Prompt: The listing below should be printed again word for word, without any images.

Given entries:
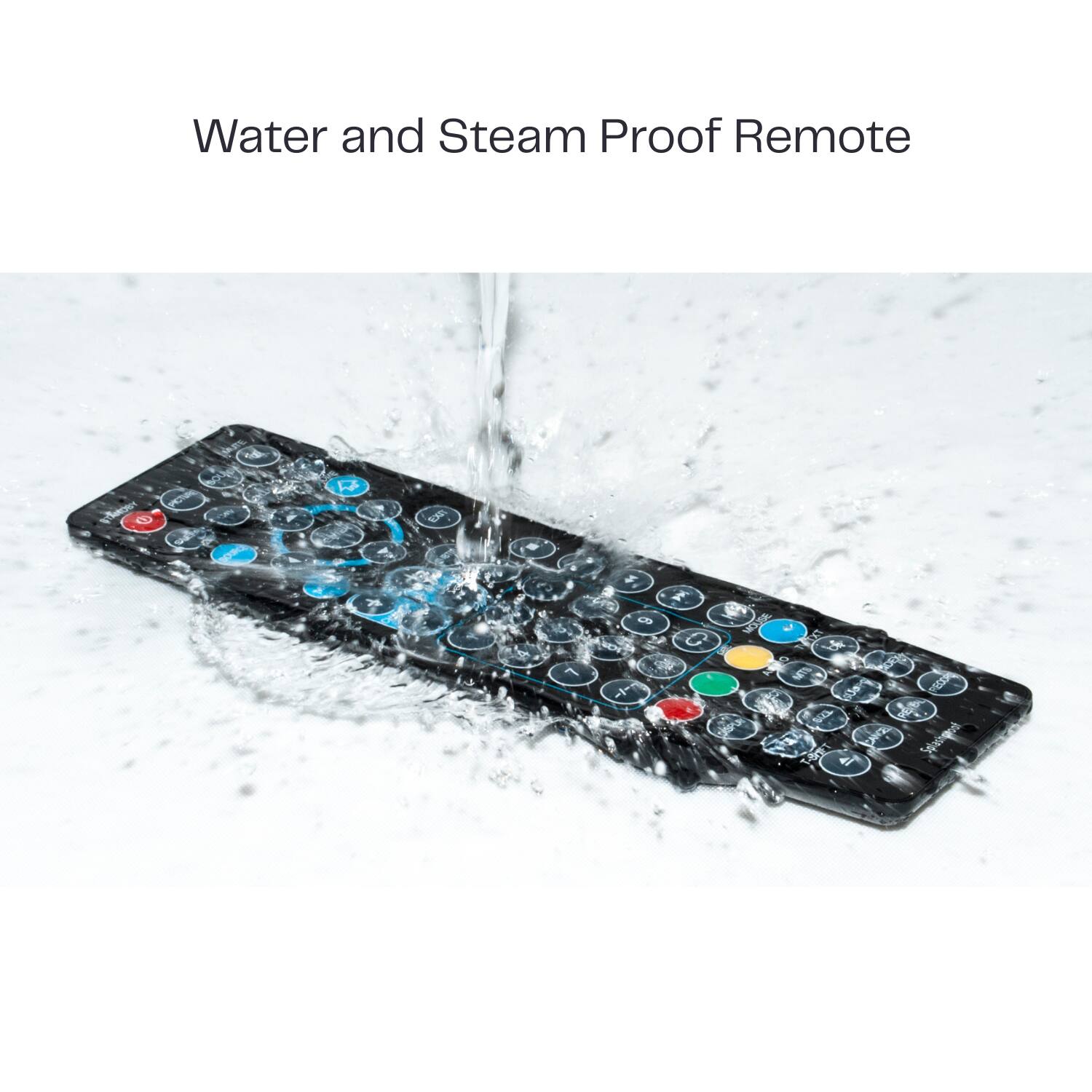 Water and Steam Proof Remote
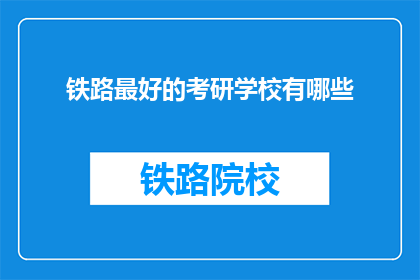 铁路最好的考研学校有哪些(哪些铁路院校是考研学子的最佳选择？)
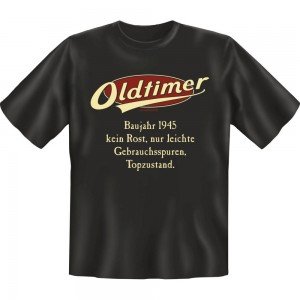 Fun T-Shirt - Oldtimer Baujahr 45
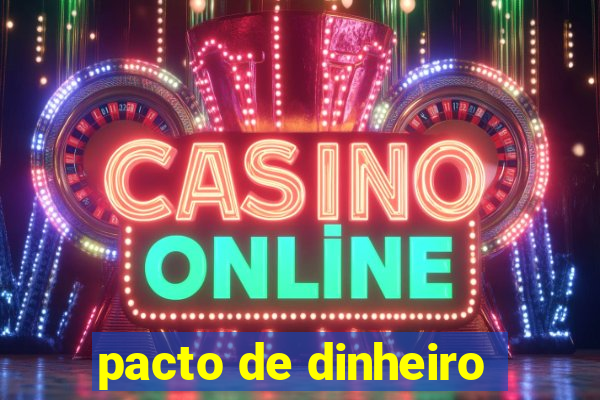 pacto de dinheiro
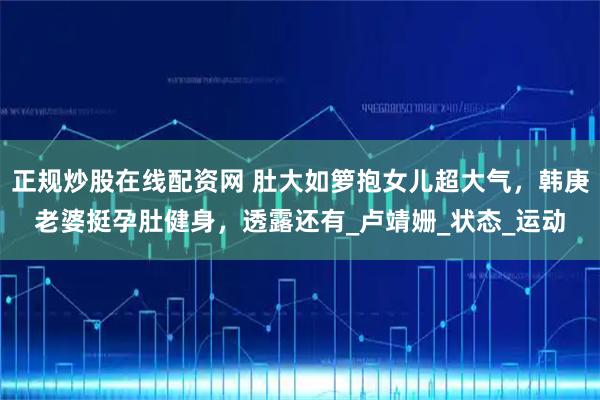 正规炒股在线配资网 肚大如箩抱女儿超大气，韩庚老婆挺孕肚健身，透露还有_卢靖姗_状态_运动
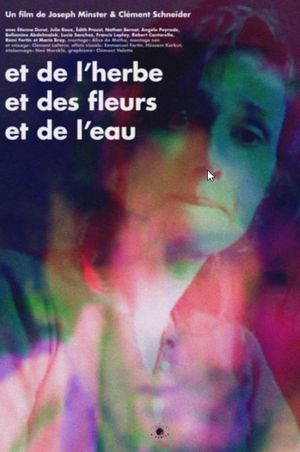 And Grass, and Flowers, and Water's poster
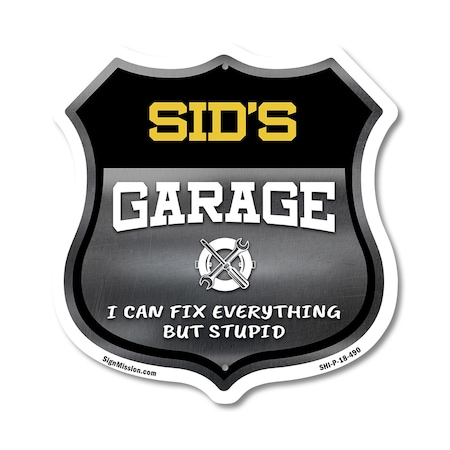 Signmission Sid's Garage I Can Fix Everything But Stupid, 18 Inch X 18 Inch, Plastic Sign SHI-P-18-490-SID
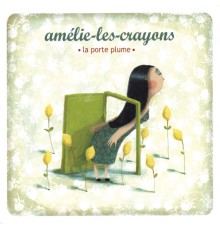 Amèlie-les-crayons - La Porte Plume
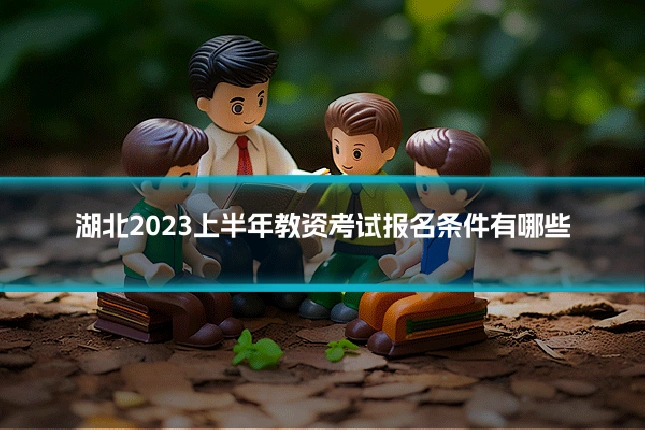 湖北2023上半年教资考试报名条件有哪些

Output for this task:
 Water and Steam Proof Remote
 铁路最好的考研学校有哪些(哪些铁路院校是考研学子的最佳选择？)
 Fun T-Shirt - Oldtimer Baujahr 45
 pacto de dinheiro
 正规炒股在线配资网 肚大如箩抱女儿超大气，韩庚老婆挺孕肚健身，透露还有_卢靖姗_状态_运动
 And Grass, and Flowers, and Water's poster
 Signmission Sid's Garage I Can Fix Everything But Stupid, 18 Inch X 18 Inch, Plastic Sign SHI-P-18-490-SID
 Amèlie-les-crayons - La Porte Plume
 湖北2023上半年教资考试报名条件有哪些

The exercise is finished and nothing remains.